| Given material |
────────
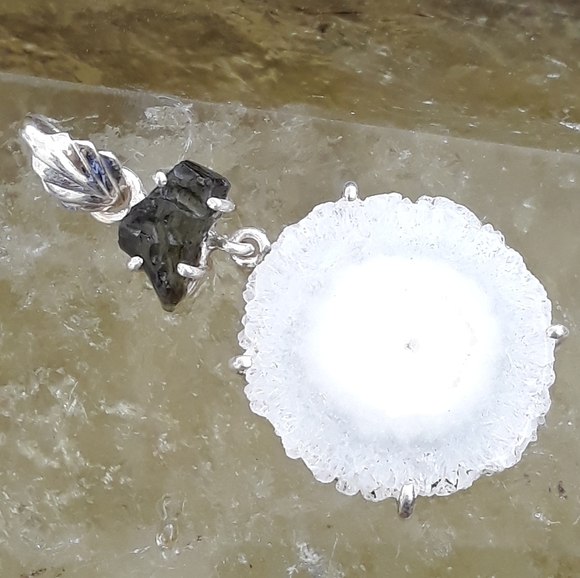 Natural Solar Quartz Eye & Moldavite Pendant - Picture 4 of 8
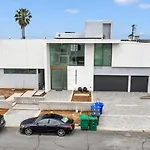 Ocean View Luxury Living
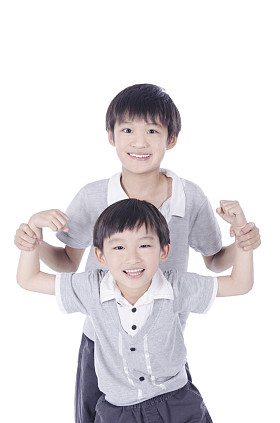 拥抱的亚洲兄弟的肖像图片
────────
Copy out every line of the material above precisely, omitting the pictures.

 Natural Solar Quartz Eye & Moldavite Pendant - Picture 4 of 8
 Ocean View Luxury Living
 拥抱的亚洲兄弟的肖像图片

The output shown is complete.